These giant chewy, fudgy, flourless chocolate cookies are a chocolate lover's dream! Gluten-free, full of nuts, with crispy edges, and a fudgy, chewy middle. Just like a delicious hybrid of cookie and brownie!
Brownie or cookie - can't decide? Why not have both? These flourless chocolate cookies are like fudgy, chewy brownies in the middle. And the best part? They're giant! Help yourself to one or share with your friends or family.
The cocoa powder acts as a flour in this recipe and gives these the perfect texture. This recipe is also super versatile and can be made with a variety of add-ins.
I added almonds and white and dark chocolate chips for more texture but you could go with whatever nuts or chocolate chips you want.

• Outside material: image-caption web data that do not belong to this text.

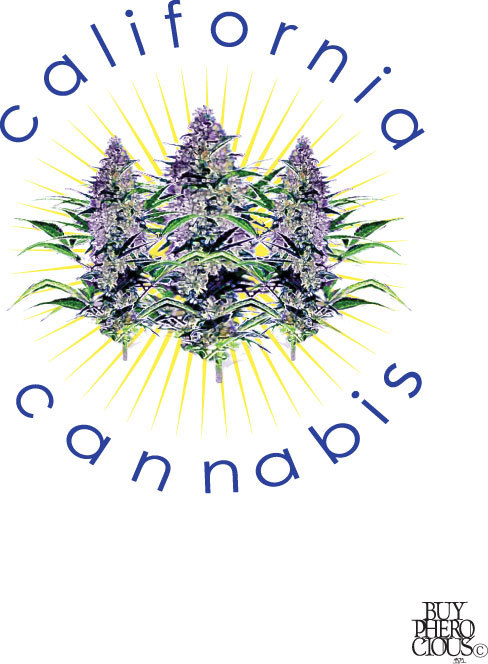 calicannabis Profile Picture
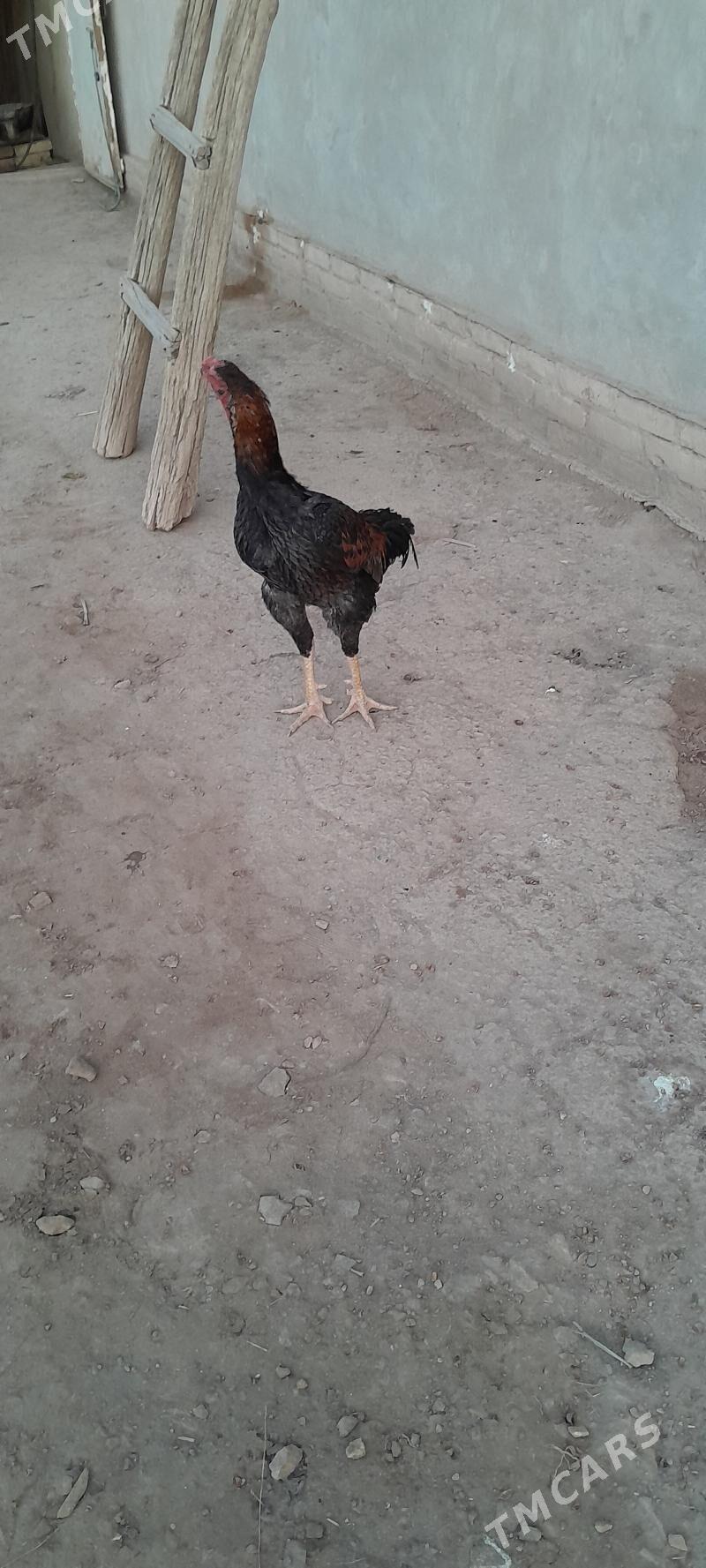 horaz - Görogly (Tagta) - img 5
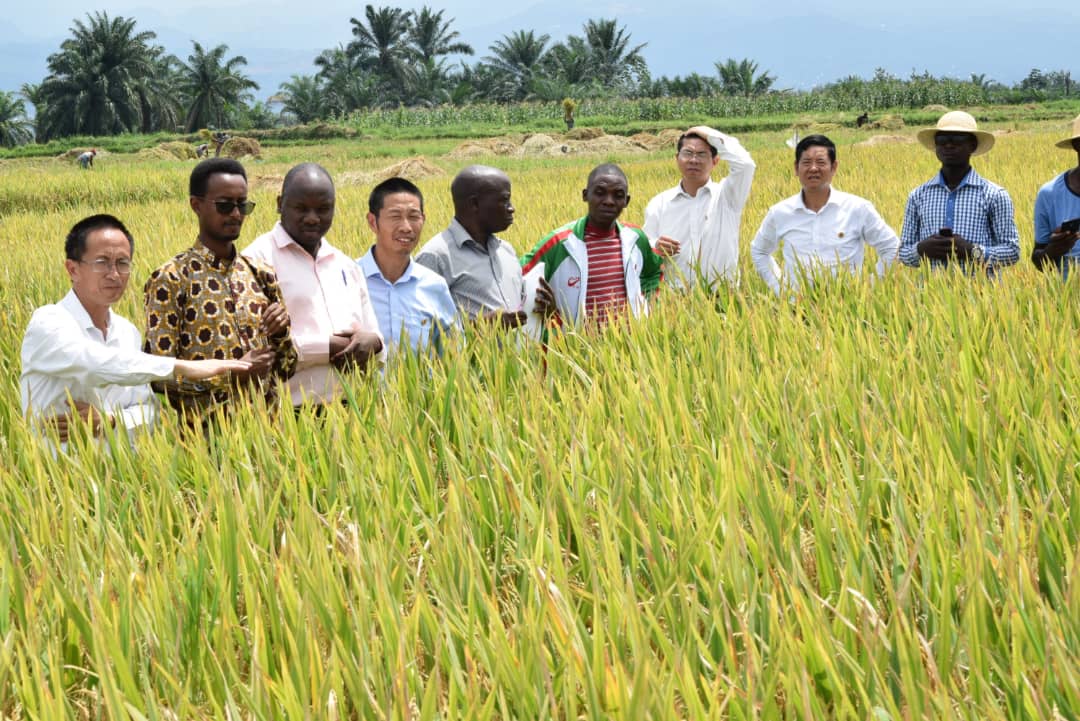 Burundi / Chine : Visite de la rizière de riz hybride à Kizina-Gihanga ( Photo : RTNB.BI 2019 )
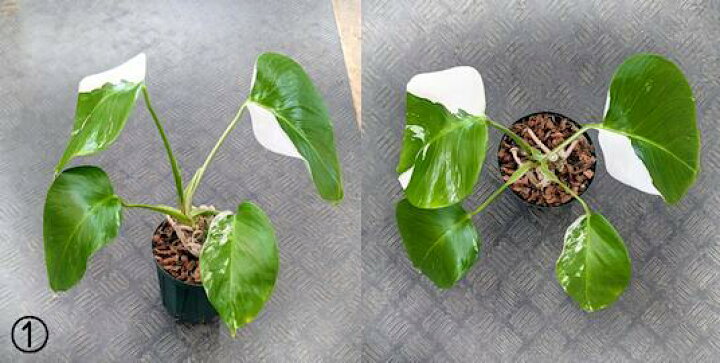 楽天市場】モンステラ ボルシギアナ ホワイトタイガー斑入り 生花 観葉 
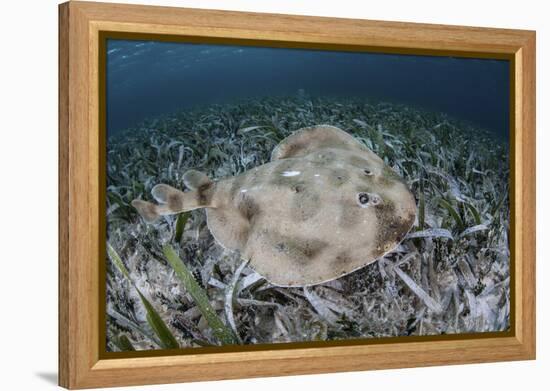 An Electric Ray on the Seafloor of Turneffe Atoll Off the Coast of Belize-Stocktrek Images-Framed Premier Image Canvas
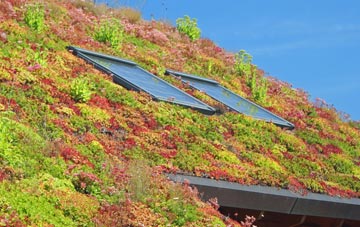 Lucton living roof systems
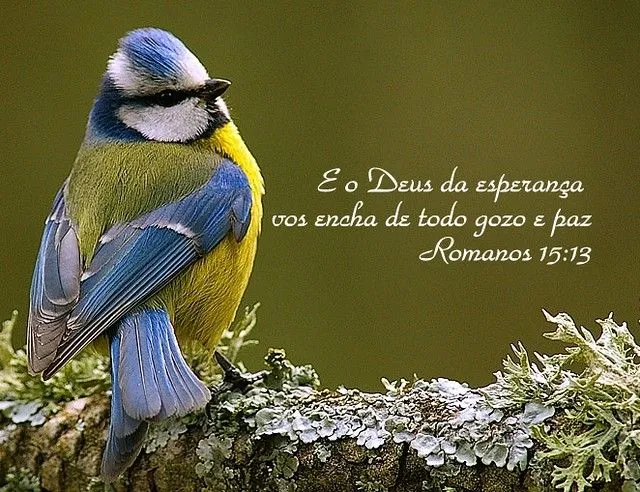 Versículos bíblicos - Wallpaper | Flickr - Photo Sharing!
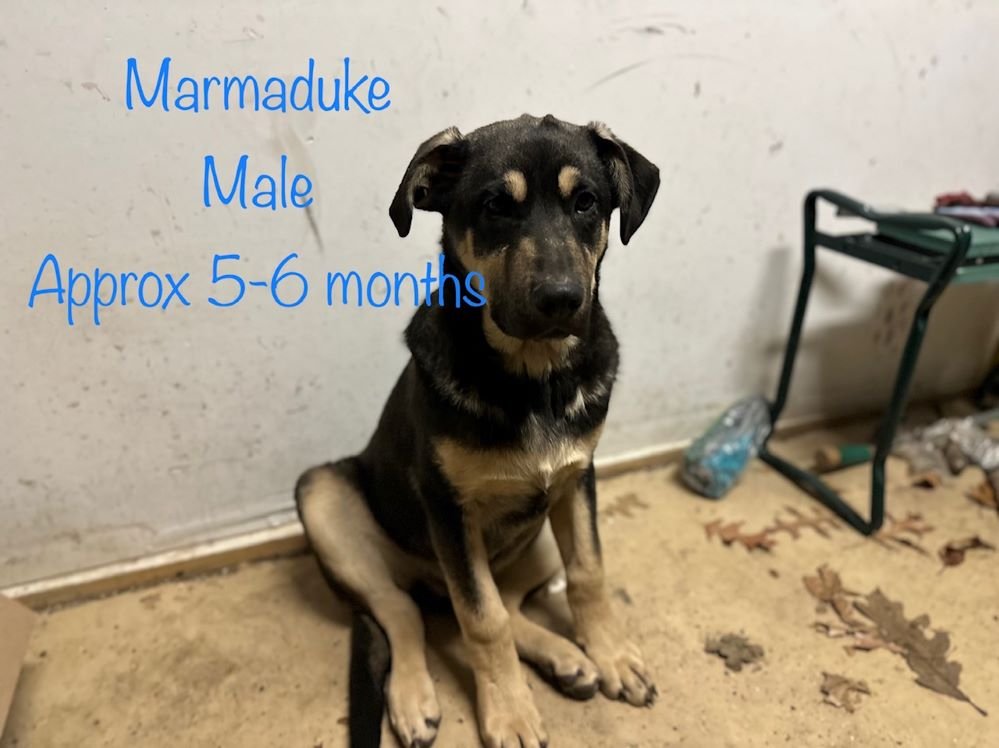 adoptable Dog in Mount Airy, MD named Marmaduke
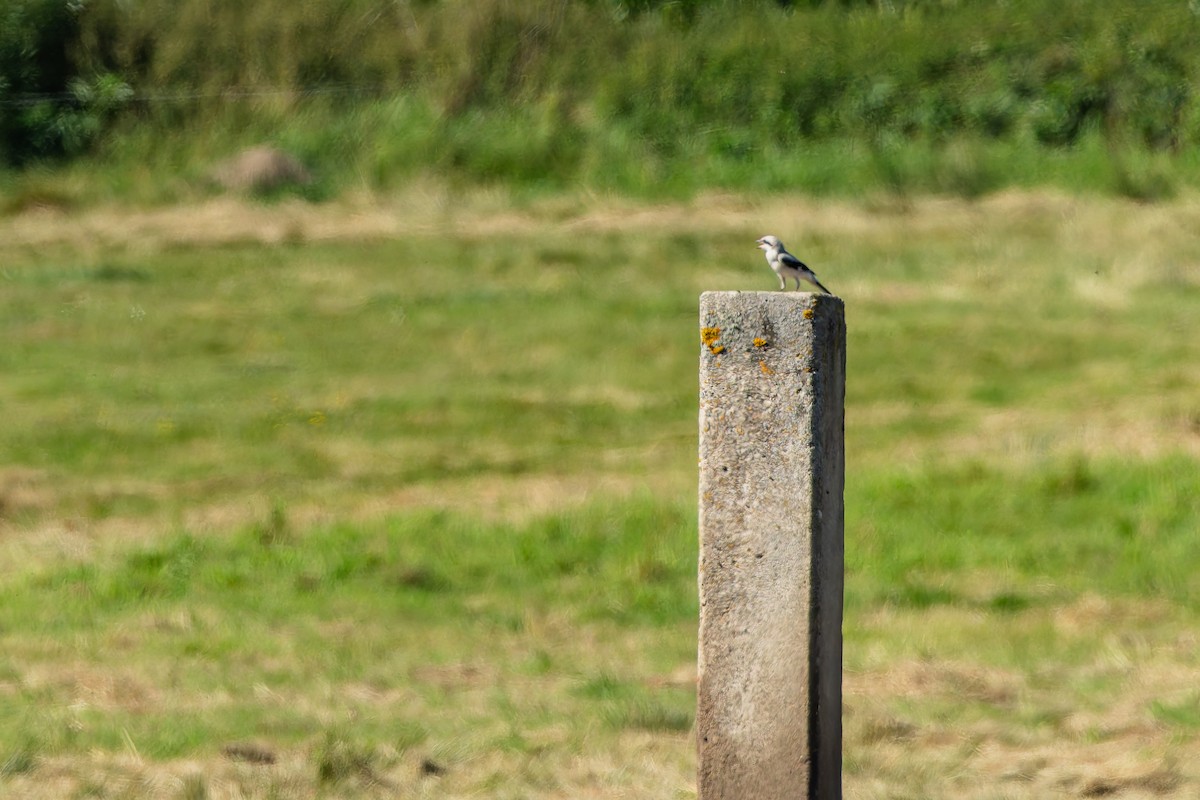 西方灰伯勞 - ML647134691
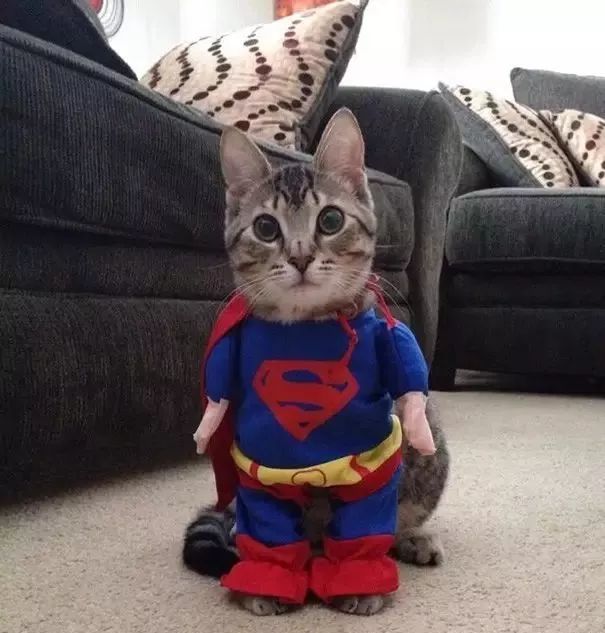 可爱猫咪万圣节,可爱的猫咪万圣节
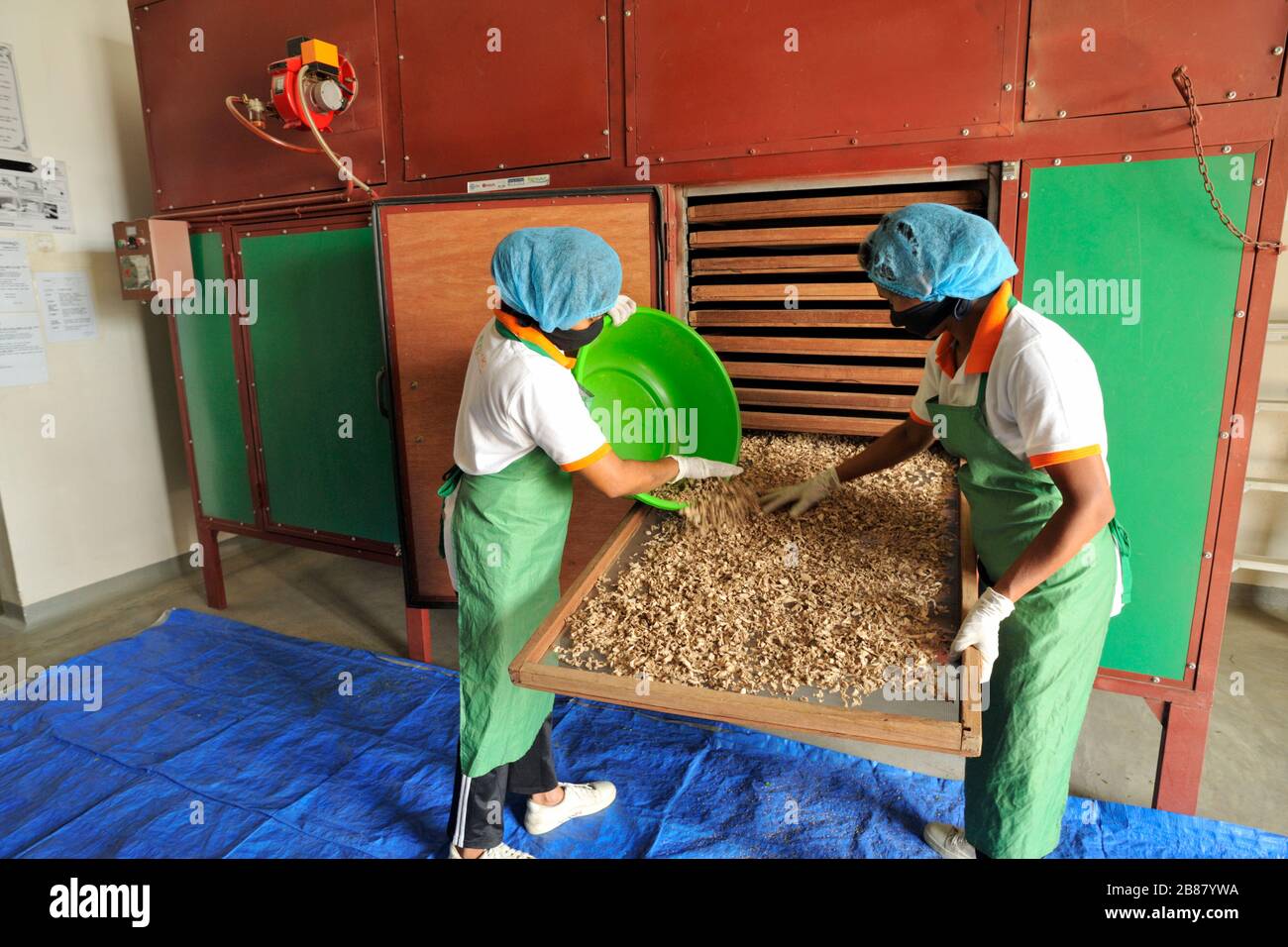 Sri Lanka, Monaragala, usine d'épices d'Ecowave, séchage au gingembre Banque D'Images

Dried fruit would also be amazing in this. Candied orange peel or dried cherries would be fantastic as well.
They key is not to over bake these flourless chocolate cookies so that they keep their fudgy, brownie-like middle. They will set more once cooled.
Flourless Chocolate Cookie Tips:
The basis of this recipe is powdered sugar, cocoa powder, eggs, and salt. Make sure when you mix, you get out any lumps in the cocoa powder and powdered sugar. The consistency of the batter should be like a really thick brownie mix.
If it looks like it's won't combine together, keep mixing! It should combine together after awhile but if you're having trouble, you can add a few drops of water at a time if you must. But be careful as too much liquid will alter the texture of these cookies.
Let them cool completely before attempting to remove them from your baking pan. Since these flourless chocolate cookies are oil and butter free, I recommend you use parchment paper or a silicon baking sheet for easier removal.
Want more? Check out these other recipes!
Giant Flourless Chocolate Cookies
- 2 large egg whites
- 2 cups powdered sugar
- ½ cup unsweetened cocoa powder
- 1 teaspoon vanilla bean paste - or vanilla extract
- pinch of salt
- ¼ cup dark chocolate chips
- ¼ white chocolate chips
- ¾ cup chopped almonds - substitute with peanuts, walnuts, cashews
- Preheat oven to 350 degrees F
- In a large bowl, add powered sugar, cocoa, egg whites, vanilla, and salt. Mix until fully combined and you don't see any powdered sugar or cocoa lumps. Next, gently fold in your add-ins until well combined.
- Line a baking sheet with parchment paper or a silicon baking sheet. Divide the dough into 6 portions. You may need to bake them in two batches or use two baking sheets since the cookies spread a bit.
- Bake in the oven for 18 - 22 minutes depending on how chewy you like your cookies. You should see cracks form on the surface of your cookie and they should be fudgy in the middle. I baked mine for 20 minutes.
- Let them cool before removing. The cookie should set more once cooled.
✎ Recipe Notes
- Makes 6 giant chocolate cookies
- Optional add-ins: peanut butter chips, cinnamon chips, milk chocolate, mint chocolate or even dried fruit such as dried cherries or dried cranberries
*Nutritional information is an estimate, calculated using online tools.